Monday, November 25, 2019

Judiciary Committee to get McGahn - maybe

Former Trump White House counsel Donald McGahn must comply with a House subpoena, a federal court ruled Monday, finding that “no one is above the law” and that top presidential advisers cannot ignore congressional demands for information. The ruling raises the possibility that McGahn could be forced to testify as part of the impeachment inquiry.

U.S. District Judge Ketanji Brown Jackson of Washington found no basis for a White House claim that the former counsel is “absolutely immune from compelled congressional testimony.”

  WaPo
Aka: above the law.
The House Judiciary Committee went to court in August to enforce its subpoena of McGahn, whom lawmakers consider the “most important” witness in whether President Trump obstructed justice in special counsel Robert S. Mueller III’s investigation of Russian interference in the 2016 U.S. election.

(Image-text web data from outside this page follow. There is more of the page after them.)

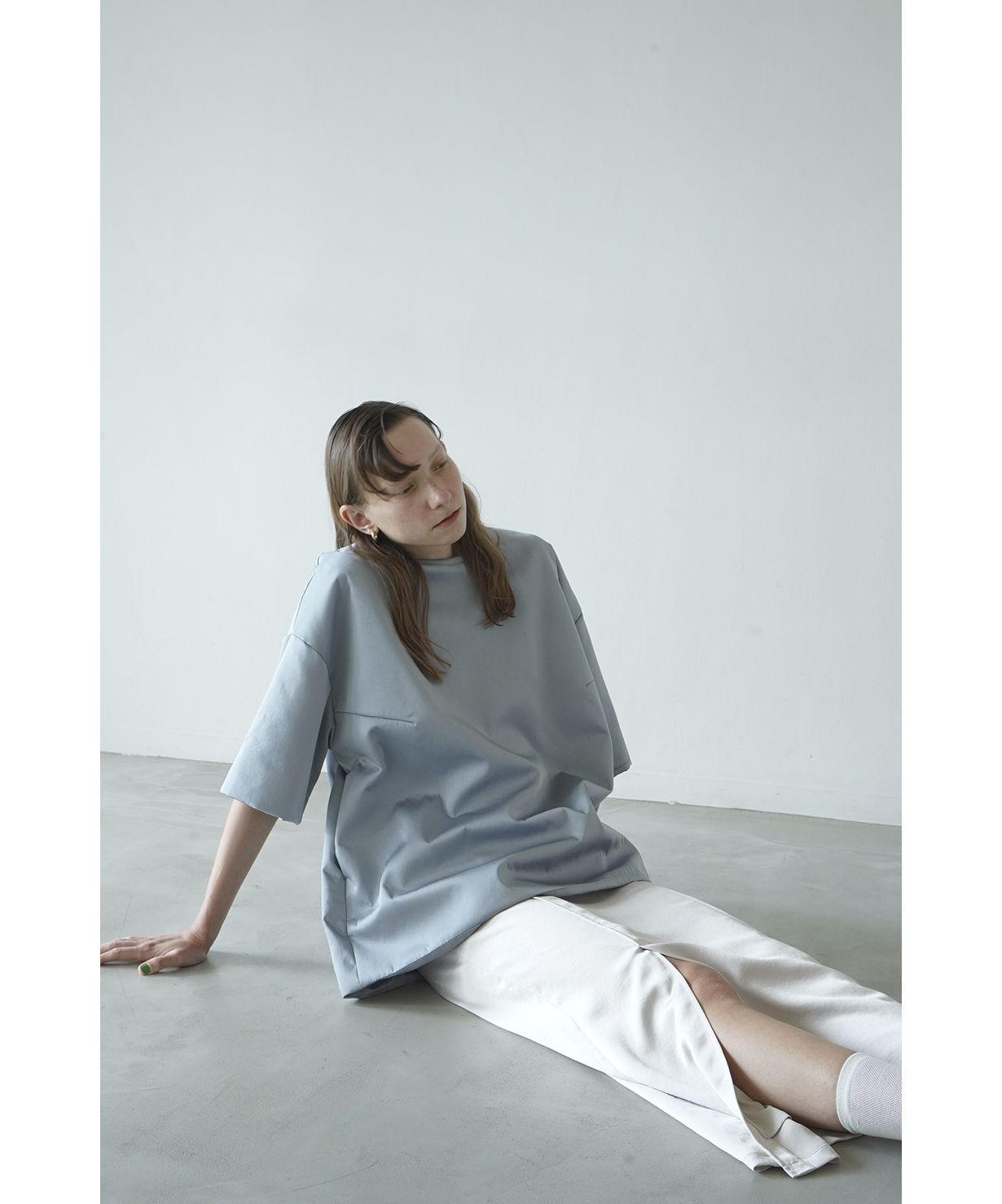 新品未使用 CLANE （クラネ）/ボタニカル ジャガードDRESS COAT CLANE - CLANE クラネ ボタニカルジャガードコートの通販 by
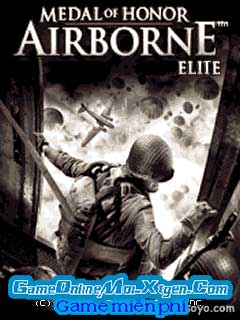 Game Medal Of Honor Aiborne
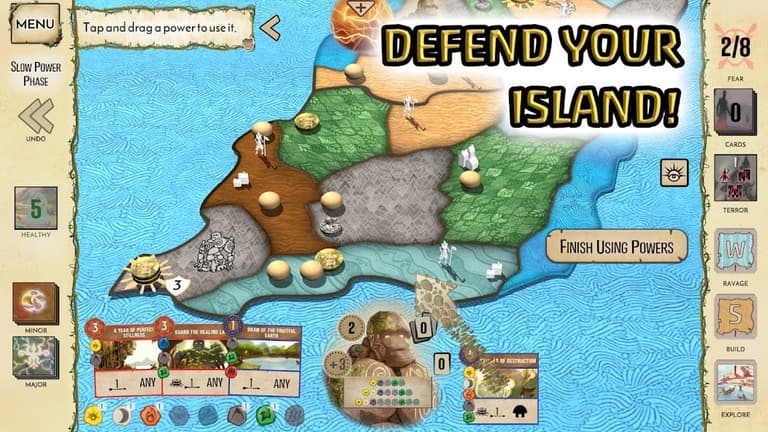 Spirit Island screenshot 1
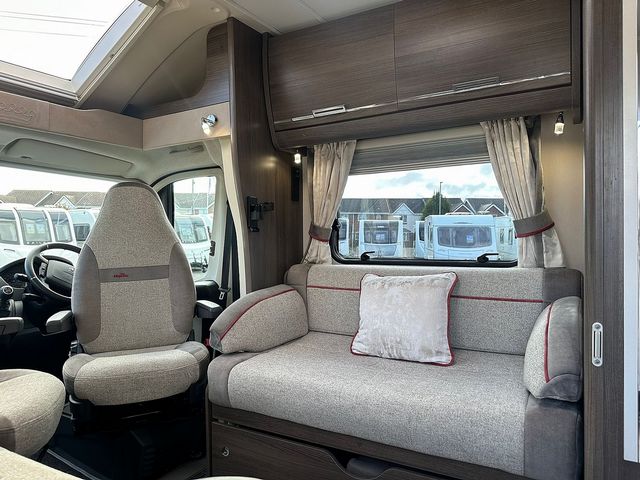 Elddis Majestic 250 Motorhome (2020) - Picture 18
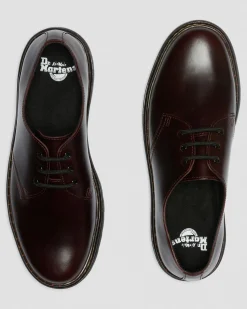 Dr. Martens Thurston Lo leren schoenen^WOMENS Casual Schoenen|Casual Stijlen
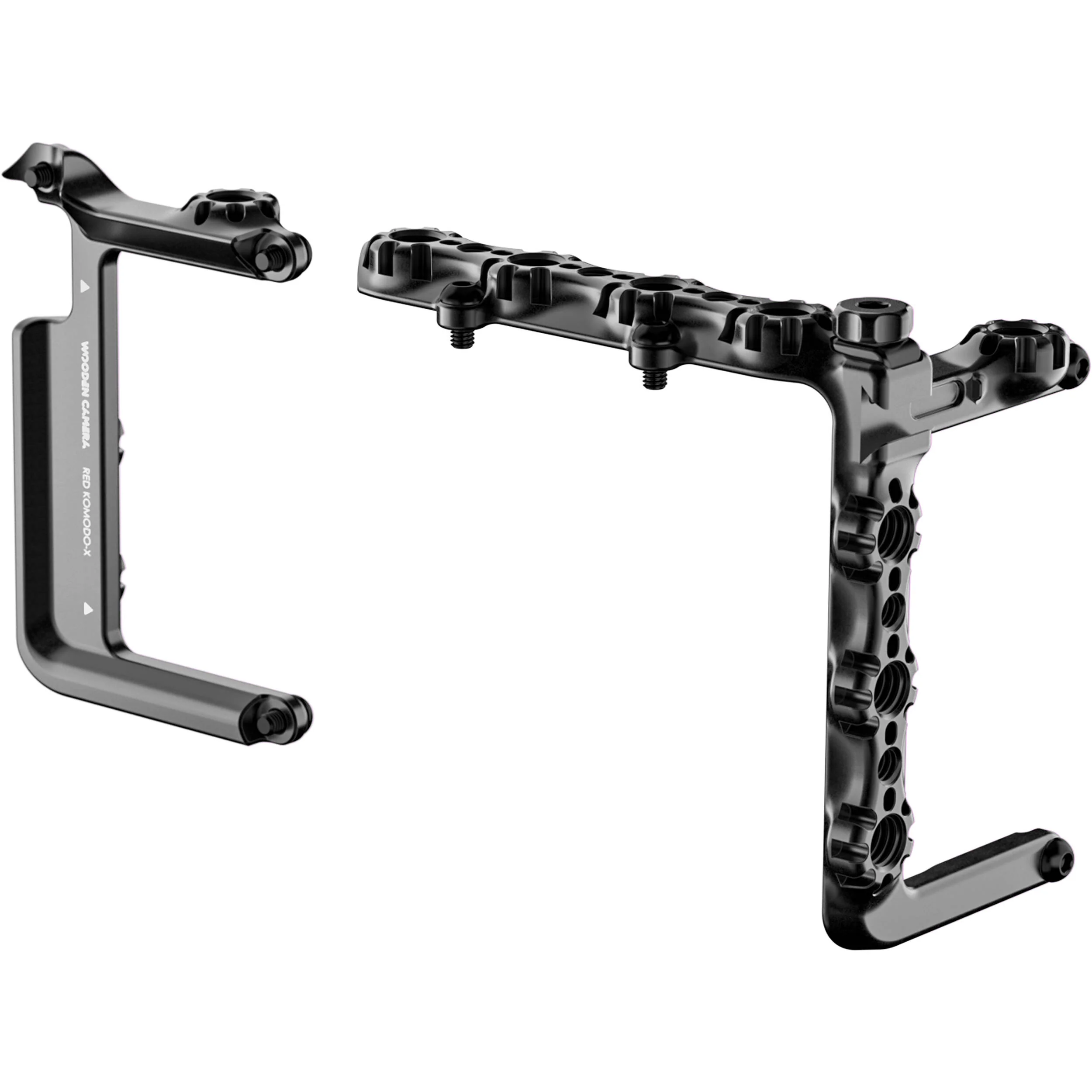 Wooden Camera Rear Cage System for RED KOMODO-X - Image 4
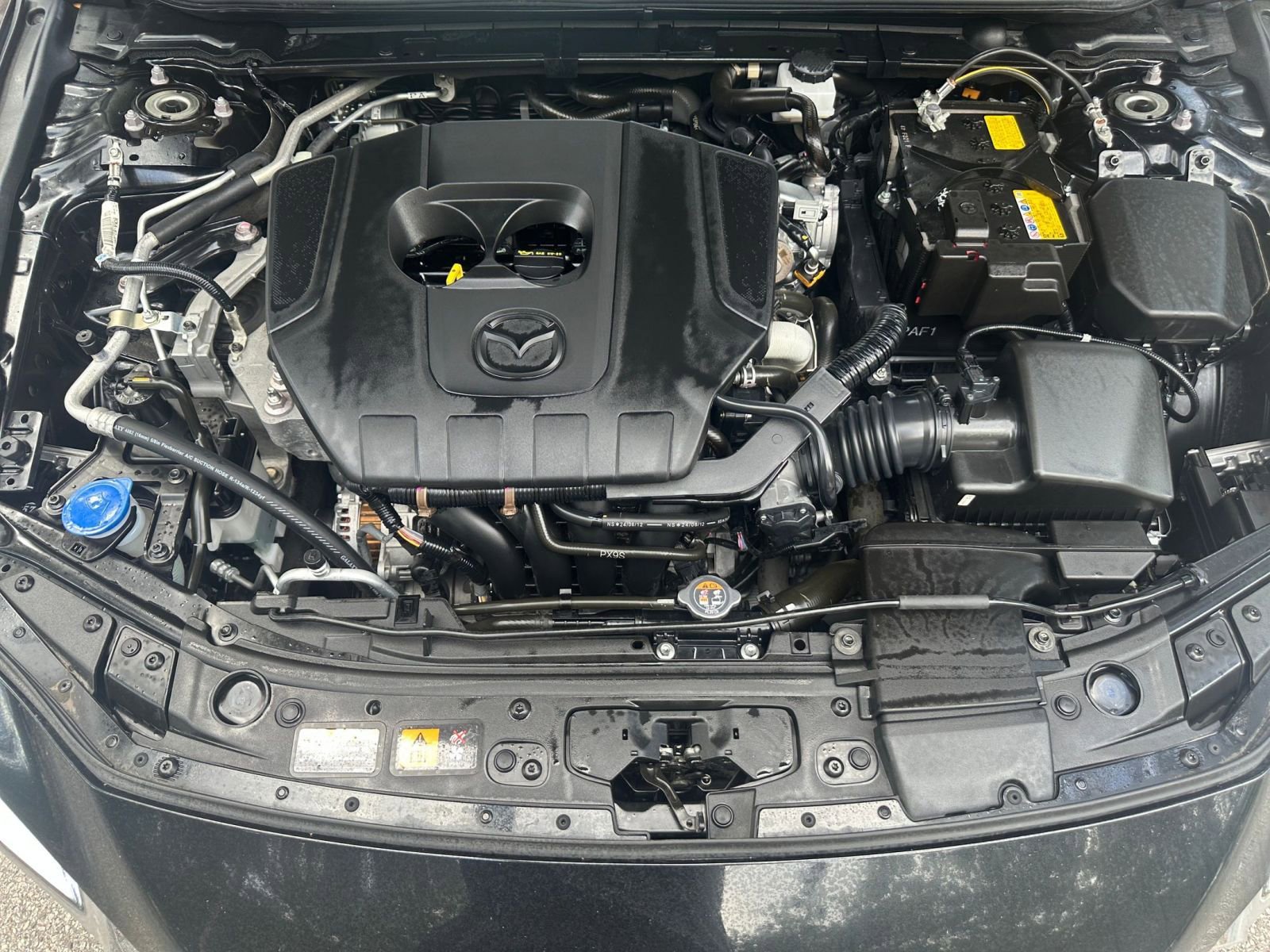 Thumbnail: 2025 Mazda Mazda3 - 25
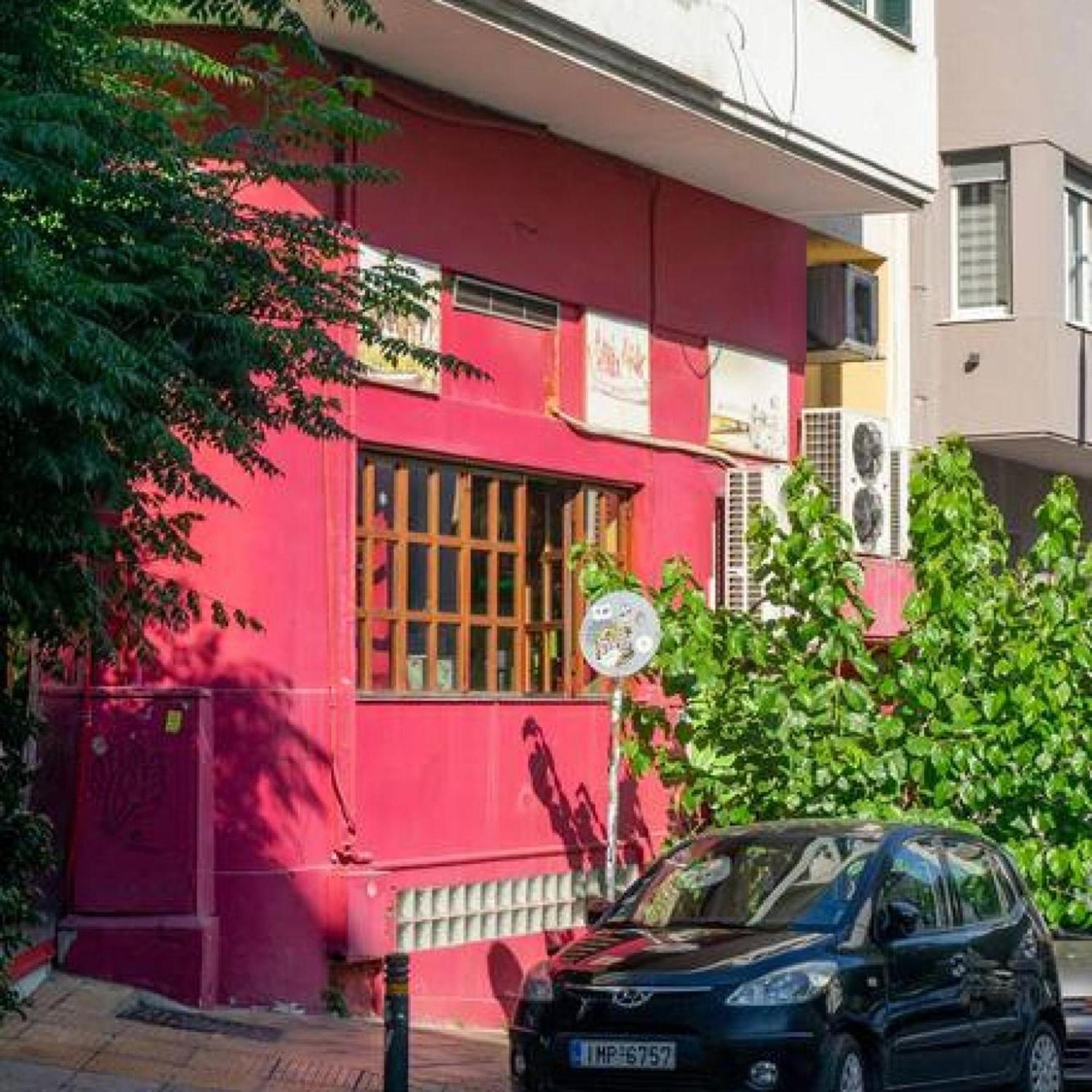 Penthouse - Amazing View In The Center Of Athens Apartment Exterior photo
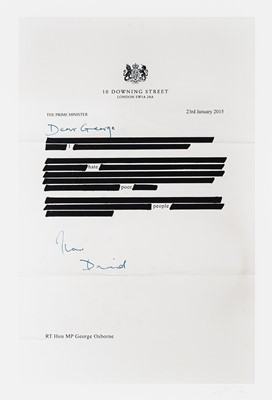 Lot 10 - Connor Brothers (British Duo), 'I Hate Poor People', 2021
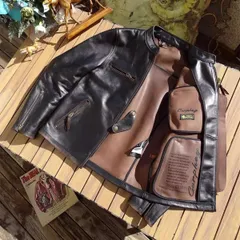 h 新品・未使用 ユニセックス メンズ レディース 本革 フルグレインカーフレザー 茶芯 スタンドカラー スリムフィット レザージャケット 裏地なし レッドブラウン(S-5XL)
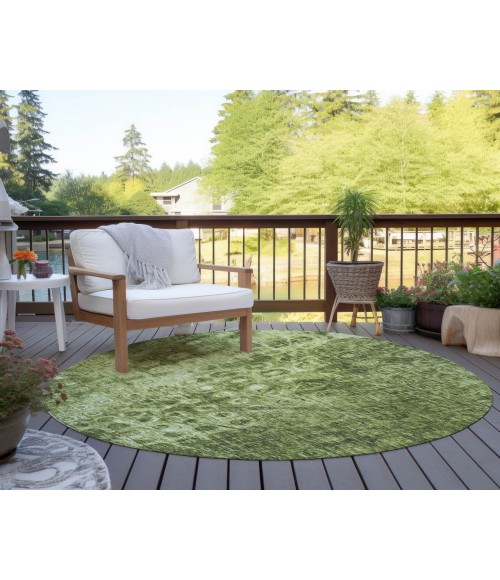 Chantille ACN577 Olive 8' x 8' Rug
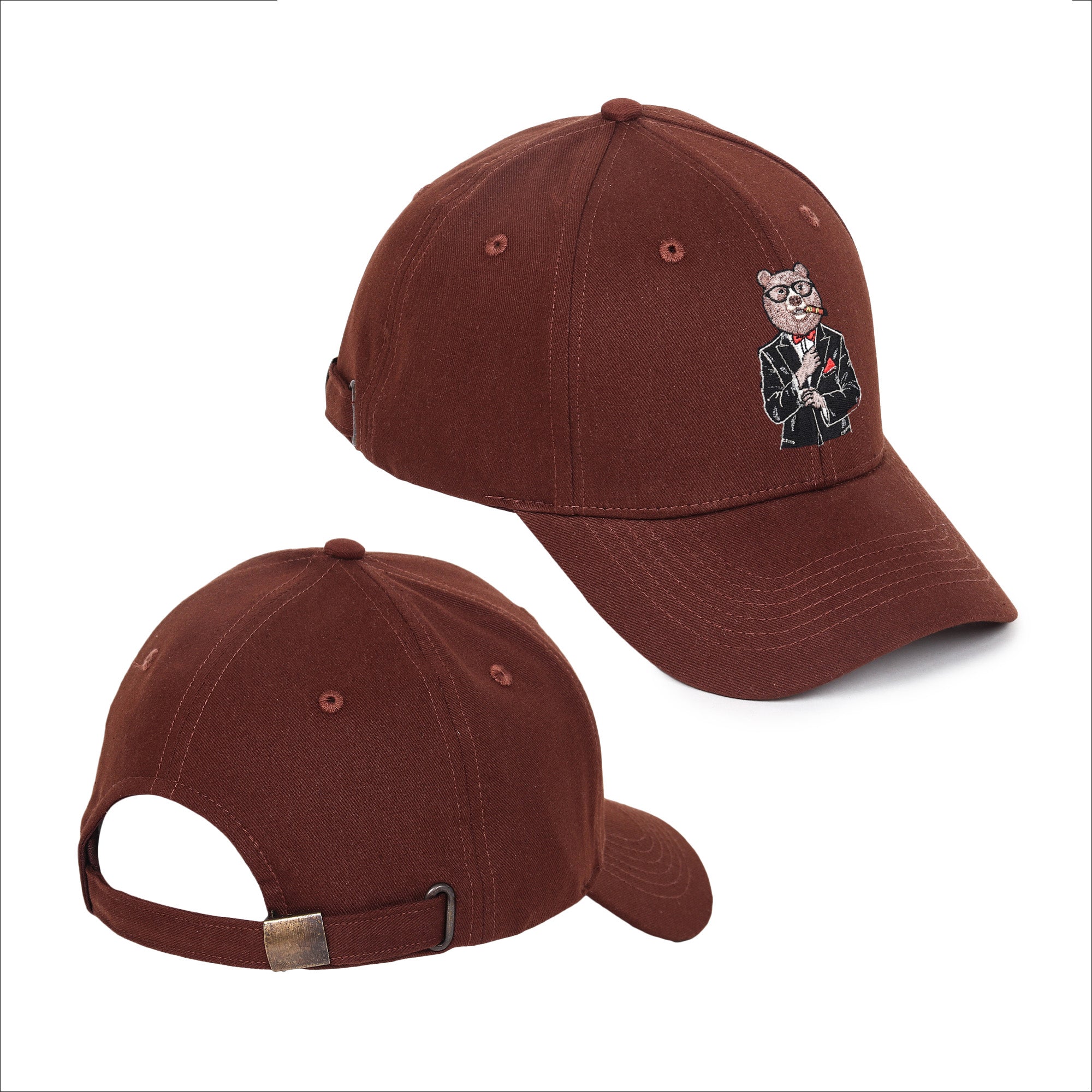 Don Embroidered Baseball Caps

Trump blocked McGahn’s appearance, saying McGahn had cooperated with Mueller’s probe, was a key presidential adviser, and could not be forced to answer questions or turn over documents. Jackson disagreed, ruling that if McGahn wants to refuse to testify, such as by invoking executive privilege, he must do so in person and question by question.

[...]

The judge ordered McGahn to appear before the House committee and said her conclusion was “inescapable” because a subpoena demand is part of the legal system — not the political process — and “per the Constitution, no one is above the law.”
The president has yet to learn that, as he has yet to be held accountable for anything.
“However busy or essential a presidential aide might be, and whatever their proximity to sensitive domestic and national-security projects, the President does not have the power to excuse him or her from taking an action that the law requires,” Jackson wrote in a 118-page opinion. “Fifty years of say so within the Executive branch does not change that fundamental truth.”
And McGahn isn't even in the administration any longer.
William A. Burck, McGahn’s attorney, said Monday: “Don McGahn will comply with Judge Jackson’s decision unless it is stayed pending appeal. DOJ is handling this case, so you will need to ask them whether they intend to seek a stay.”
No, we don't need to ask. We already know.
After the ruling, the Justice Department, which represents McGahn, said it would appeal.
See?
Even if McGahn were to appear before the committee, but decline to answer in full or on some matters, his case sets up a potentially landmark Supreme Court test of the Constitution’s checks and balances, pitting Congress’s impeachment and oversight authority against the powers of the presidency.
With a court packed to be biased toward the executive.

...but hey, do what you want...you will anyway.